### Provided records

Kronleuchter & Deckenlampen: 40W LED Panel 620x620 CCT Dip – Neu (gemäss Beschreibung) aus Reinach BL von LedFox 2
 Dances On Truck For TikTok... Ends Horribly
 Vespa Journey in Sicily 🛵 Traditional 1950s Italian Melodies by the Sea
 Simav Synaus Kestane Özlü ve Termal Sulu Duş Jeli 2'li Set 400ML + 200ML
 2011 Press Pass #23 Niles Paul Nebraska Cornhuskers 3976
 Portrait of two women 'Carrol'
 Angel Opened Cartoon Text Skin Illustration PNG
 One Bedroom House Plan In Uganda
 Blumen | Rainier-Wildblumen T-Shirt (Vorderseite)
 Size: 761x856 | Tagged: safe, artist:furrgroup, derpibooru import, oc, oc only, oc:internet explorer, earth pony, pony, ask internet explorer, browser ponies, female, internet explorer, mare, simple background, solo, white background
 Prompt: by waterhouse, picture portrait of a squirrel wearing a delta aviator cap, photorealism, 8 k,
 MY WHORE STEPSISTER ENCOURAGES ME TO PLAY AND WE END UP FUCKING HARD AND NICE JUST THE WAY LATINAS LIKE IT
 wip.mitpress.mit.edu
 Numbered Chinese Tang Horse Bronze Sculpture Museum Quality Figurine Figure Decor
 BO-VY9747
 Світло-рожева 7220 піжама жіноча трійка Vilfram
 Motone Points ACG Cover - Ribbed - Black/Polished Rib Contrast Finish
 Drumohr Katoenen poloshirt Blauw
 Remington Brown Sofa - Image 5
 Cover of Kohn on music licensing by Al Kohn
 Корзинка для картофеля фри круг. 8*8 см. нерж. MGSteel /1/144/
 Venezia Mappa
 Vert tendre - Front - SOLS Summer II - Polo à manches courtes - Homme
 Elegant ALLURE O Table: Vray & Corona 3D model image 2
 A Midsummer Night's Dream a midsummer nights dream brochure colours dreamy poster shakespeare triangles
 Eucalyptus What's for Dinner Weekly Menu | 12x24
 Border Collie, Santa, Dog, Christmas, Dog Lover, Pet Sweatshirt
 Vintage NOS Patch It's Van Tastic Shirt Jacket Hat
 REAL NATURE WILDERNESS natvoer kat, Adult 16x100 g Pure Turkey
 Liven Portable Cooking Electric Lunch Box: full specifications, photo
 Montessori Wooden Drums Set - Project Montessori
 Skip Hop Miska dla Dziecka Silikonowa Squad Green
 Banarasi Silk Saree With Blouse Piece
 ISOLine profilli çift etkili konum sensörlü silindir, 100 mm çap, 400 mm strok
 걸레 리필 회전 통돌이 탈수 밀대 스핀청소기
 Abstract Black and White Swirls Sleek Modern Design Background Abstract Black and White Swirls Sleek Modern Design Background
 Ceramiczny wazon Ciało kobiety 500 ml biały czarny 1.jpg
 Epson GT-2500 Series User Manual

### Task description
Each line in the records above with "Black" must be returned.

### Completed task
 Motone Points ACG Cover - Ribbed - Black/Polished Rib Contrast Finish
 Abstract Black and White Swirls Sleek Modern Design Background Abstract Black and White Swirls Sleek Modern Design Background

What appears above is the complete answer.